▶

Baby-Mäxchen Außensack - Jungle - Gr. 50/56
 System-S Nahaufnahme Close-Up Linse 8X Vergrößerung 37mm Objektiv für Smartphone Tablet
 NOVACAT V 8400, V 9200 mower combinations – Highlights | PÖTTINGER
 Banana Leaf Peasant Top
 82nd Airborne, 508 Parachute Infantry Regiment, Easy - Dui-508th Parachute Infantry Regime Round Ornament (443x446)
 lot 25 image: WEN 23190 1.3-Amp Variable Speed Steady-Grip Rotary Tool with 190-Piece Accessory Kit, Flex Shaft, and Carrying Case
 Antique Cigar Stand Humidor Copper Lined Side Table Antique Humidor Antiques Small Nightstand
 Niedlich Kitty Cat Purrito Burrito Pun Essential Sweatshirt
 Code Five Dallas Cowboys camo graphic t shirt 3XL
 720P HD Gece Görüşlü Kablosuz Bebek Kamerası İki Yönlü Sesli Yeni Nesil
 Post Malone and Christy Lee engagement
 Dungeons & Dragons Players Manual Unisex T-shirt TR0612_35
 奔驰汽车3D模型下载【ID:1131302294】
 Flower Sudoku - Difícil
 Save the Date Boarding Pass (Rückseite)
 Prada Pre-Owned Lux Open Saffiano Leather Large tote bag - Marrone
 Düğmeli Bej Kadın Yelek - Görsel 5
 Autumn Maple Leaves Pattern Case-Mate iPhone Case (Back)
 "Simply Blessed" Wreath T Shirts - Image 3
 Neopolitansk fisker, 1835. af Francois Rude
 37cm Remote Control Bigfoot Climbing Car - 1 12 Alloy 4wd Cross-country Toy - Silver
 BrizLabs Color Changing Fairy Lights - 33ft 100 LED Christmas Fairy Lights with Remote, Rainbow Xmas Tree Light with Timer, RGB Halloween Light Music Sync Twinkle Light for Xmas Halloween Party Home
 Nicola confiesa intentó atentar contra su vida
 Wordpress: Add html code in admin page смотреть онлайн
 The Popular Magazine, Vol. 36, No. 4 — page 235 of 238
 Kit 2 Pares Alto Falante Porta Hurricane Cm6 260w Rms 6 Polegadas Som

◀

-- What the exercise asks --
The required output is every line above from the one with "Post Malone and Christy Lee engagement" down to the one with "Neopolitansk fisker, 1835. af Francois Rude", restated word for word, ends included.

-- Response to the exercise --
 Post Malone and Christy Lee engagement
 Dungeons & Dragons Players Manual Unisex T-shirt TR0612_35
 奔驰汽车3D模型下载【ID:1131302294】
 Flower Sudoku - Difícil
 Save the Date Boarding Pass (Rückseite)
 Prada Pre-Owned Lux Open Saffiano Leather Large tote bag - Marrone
 Düğmeli Bej Kadın Yelek - Görsel 5
 Autumn Maple Leaves Pattern Case-Mate iPhone Case (Back)
 "Simply Blessed" Wreath T Shirts - Image 3
 Neopolitansk fisker, 1835. af Francois Rude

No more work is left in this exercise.